Skip the pictures and write out, word for word, the lines below from the one with "Webcam in Genova, 6.9 km" through the one with "Фото - Триммер Babyliss T991E | click.ua", inclusive.

(DATA SUPPLIED Opens)

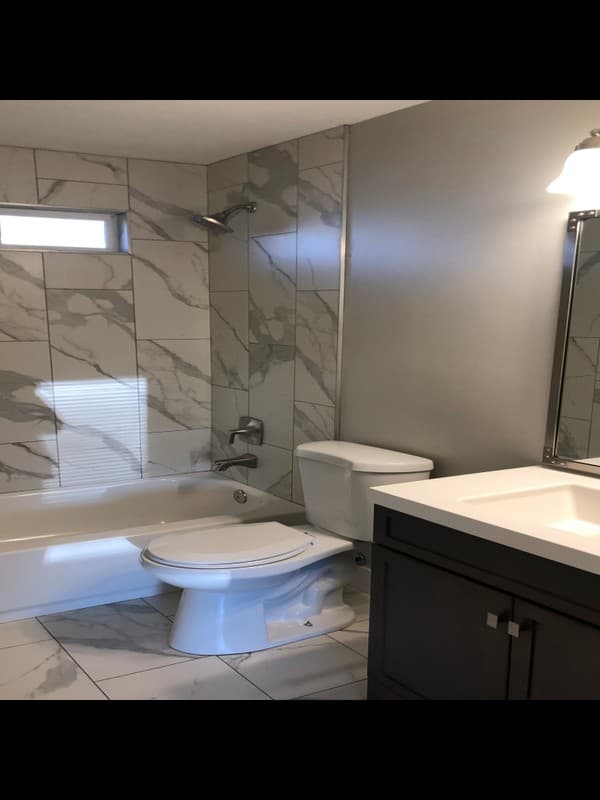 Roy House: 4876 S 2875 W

(DATA SUPPLIED Closes)
(DATA SUPPLIED Opens)

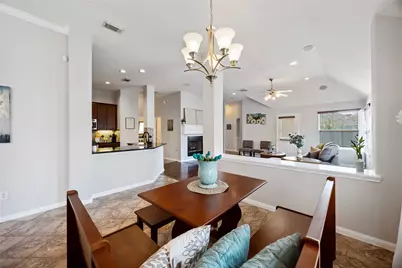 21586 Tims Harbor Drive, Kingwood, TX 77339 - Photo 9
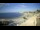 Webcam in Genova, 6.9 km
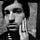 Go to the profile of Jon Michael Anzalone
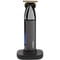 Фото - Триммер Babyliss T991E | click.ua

(DATA SUPPLIED Closes)
(DATA SUPPLIED Opens)

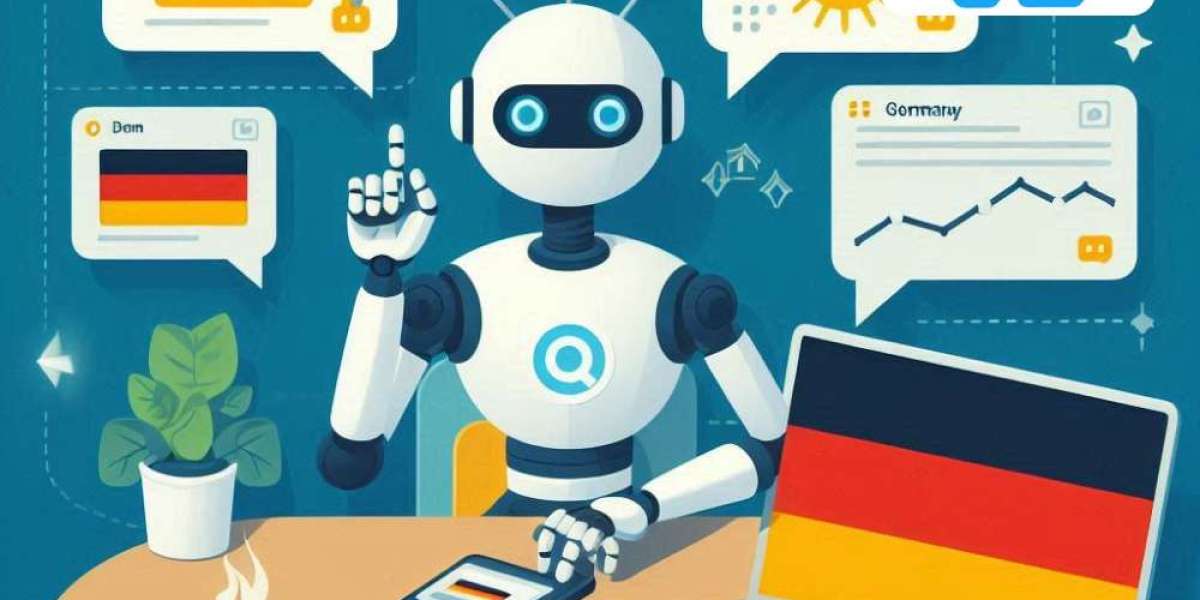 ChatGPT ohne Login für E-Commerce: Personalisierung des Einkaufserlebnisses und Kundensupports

(DATA SUPPLIED Closes)

▶ [WRITTEN ANSWER]:
 Webcam in Genova, 6.9 km
 Go to the profile of Jon Michael Anzalone
 Фото - Триммер Babyliss T991E | click.ua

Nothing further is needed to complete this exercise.